■ ACTIVITY ■
What you return must be exactly the lines from the beginning of the material through the line containing "Drizzling cream cheese", both included, and no pictures.

■ DATA ■
=== Begin Enclosure ===
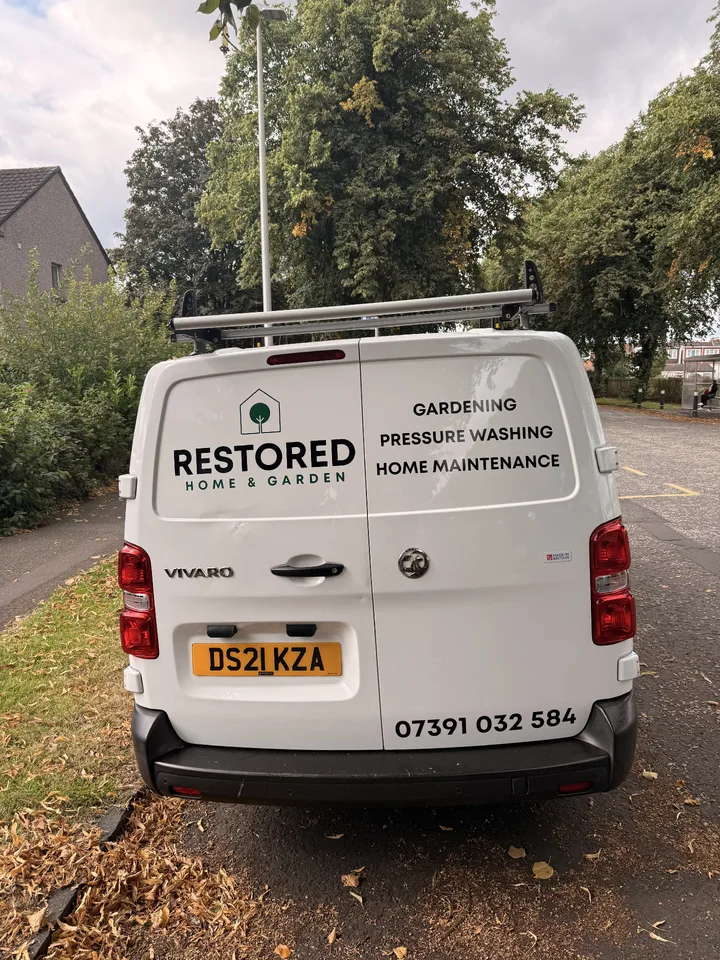 Rear doors of a white Vauxhall Vivaro with home and garden logo and service lettering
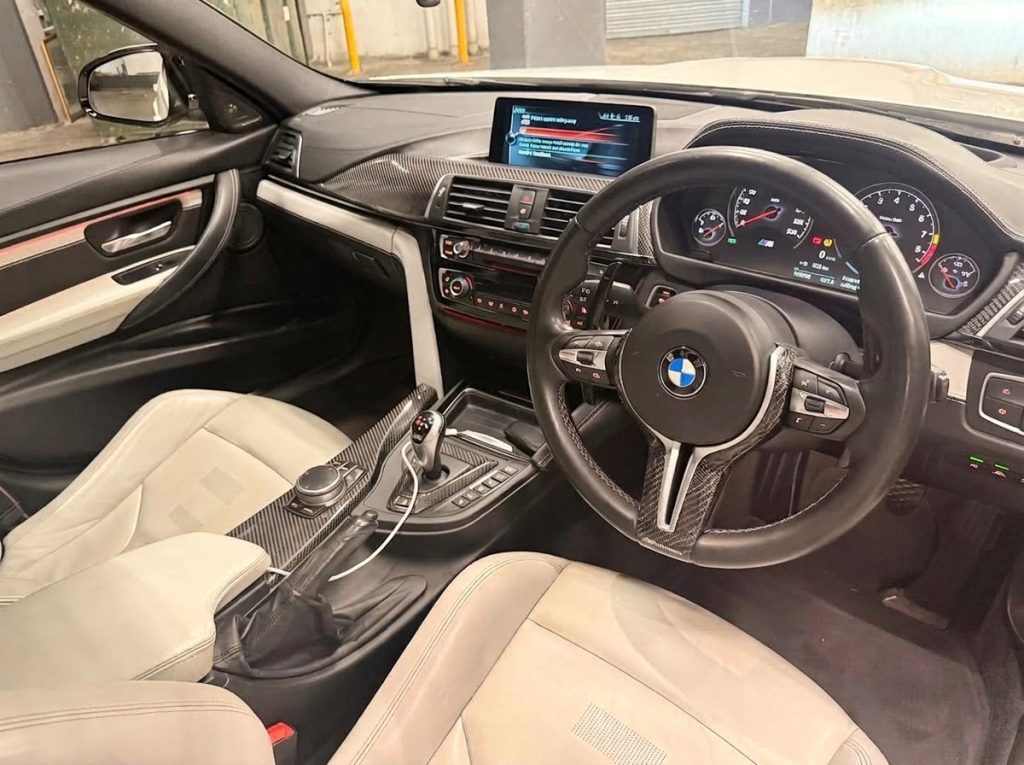 Dashboard of the white 2016 BMW M3 Competition F80, available for hire in Sydney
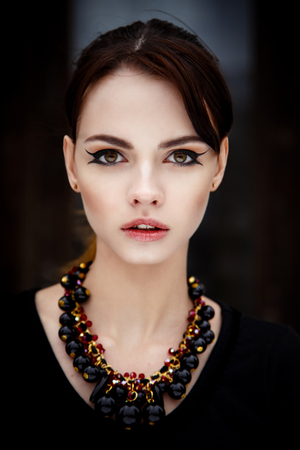 Sensual pretty brunette female fashion model faceの写真素材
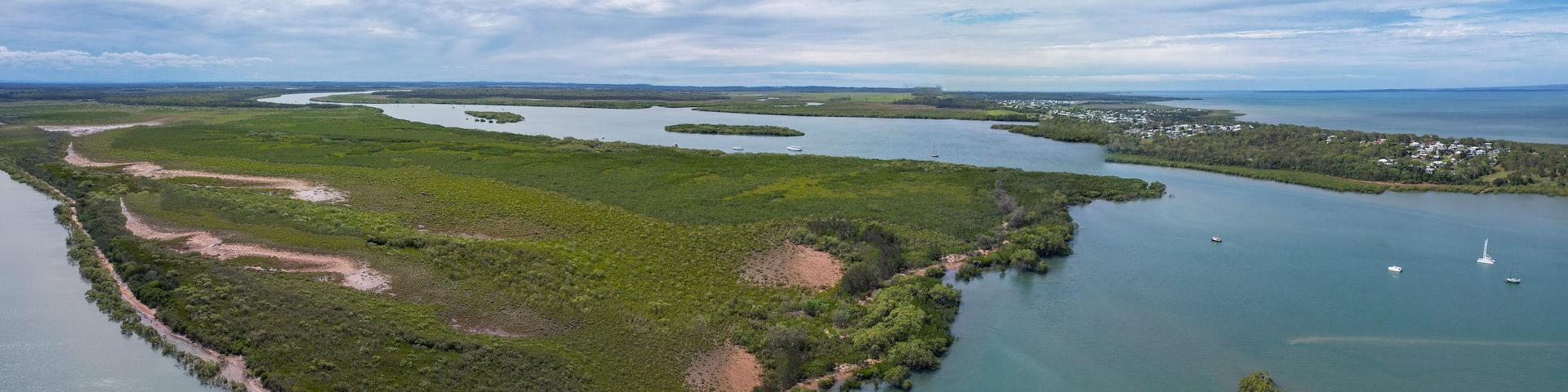 Aerial view of the serpentine river snaking through verdant mangroves, meeting the cerulean sea under a cloudy sky, River Heads, Queensland, Australia.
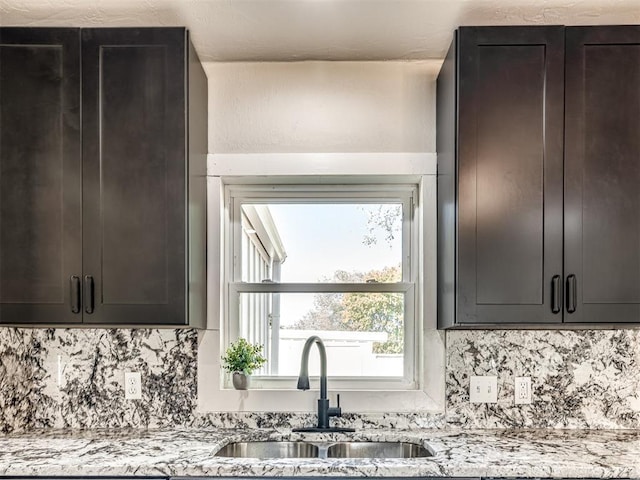 kitchen with a sink, light stone countertops, and backsplash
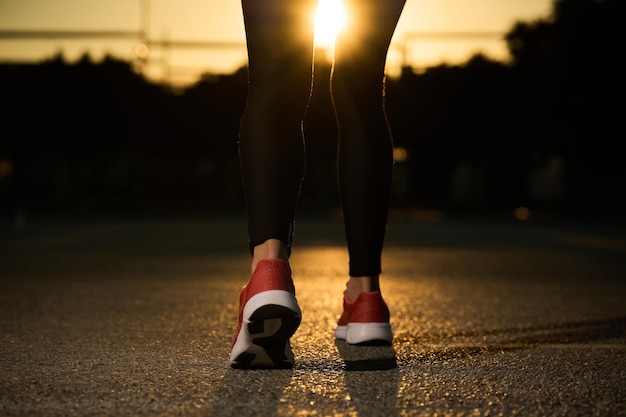 Les jambes et les pieds des femmes marchant en baskets sur l'asphalte au soleil couchant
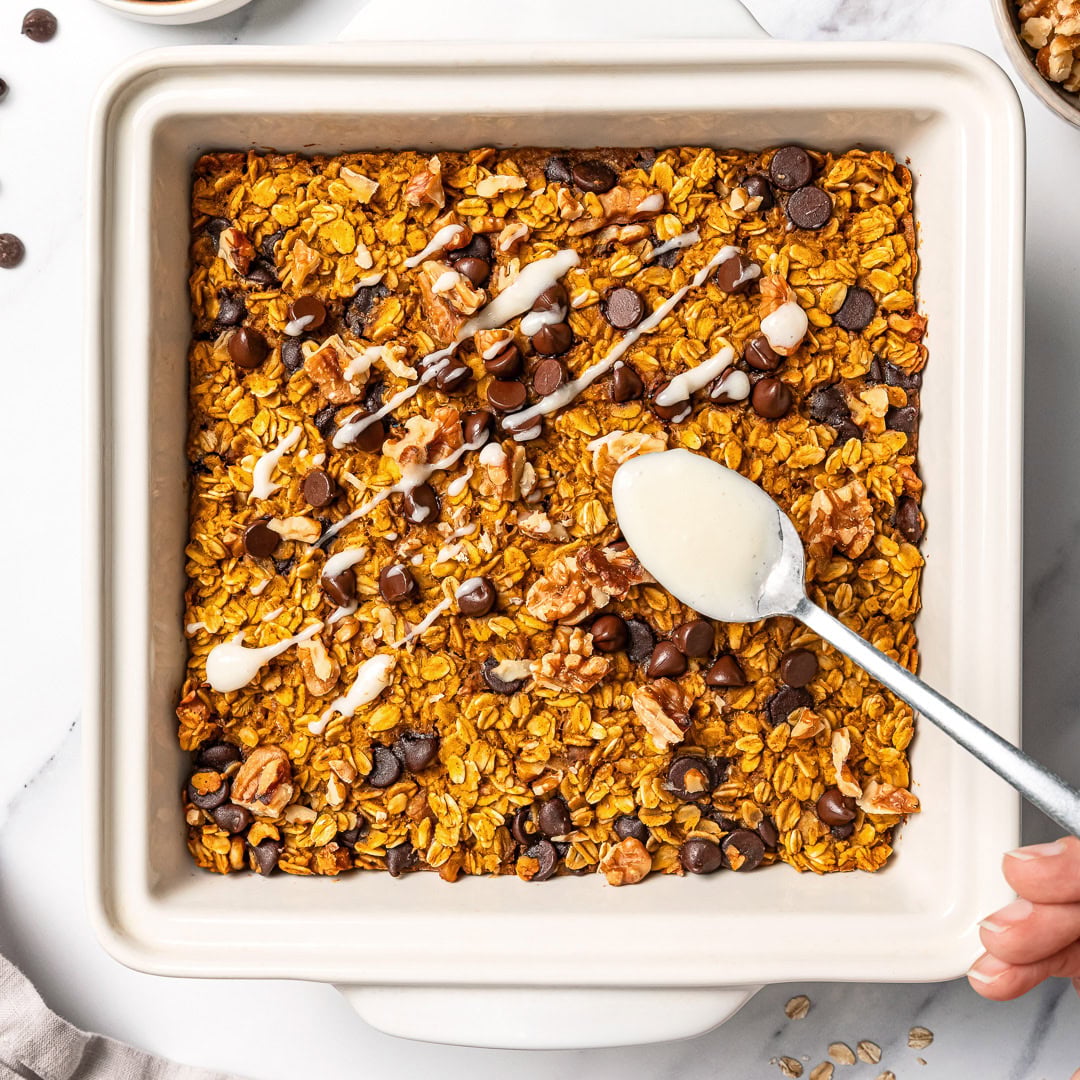 Drizzling cream cheese glaze onto chocolate chip pumpkin baked oatmeal.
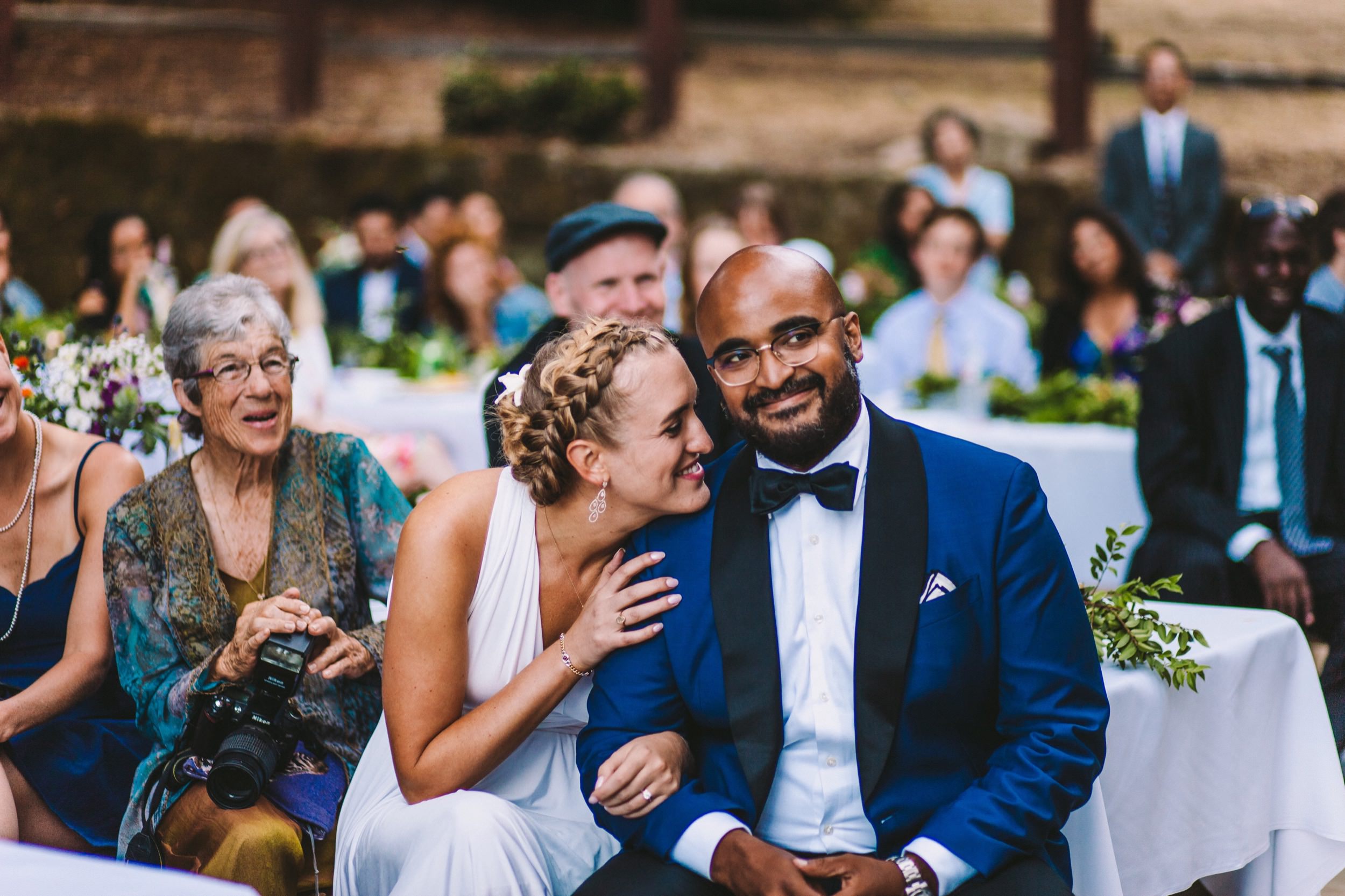 Bride &amp; Groom Sharing a Moment During Wedding Speeches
=== End Enclosure ===
■ RESULT BELOW ■
 Rear doors of a white Vauxhall Vivaro with home and garden logo and service lettering
 Dashboard of the white 2016 BMW M3 Competition F80, available for hire in Sydney
 Sensual pretty brunette female fashion model faceの写真素材
 Aerial view of the serpentine river snaking through verdant mangroves, meeting the cerulean sea under a cloudy sky, River Heads, Queensland, Australia.
 kitchen with a sink, light stone countertops, and backsplash
 Les jambes et les pieds des femmes marchant en baskets sur l'asphalte au soleil couchant
 Drizzling cream cheese glaze onto chocolate chip pumpkin baked oatmeal.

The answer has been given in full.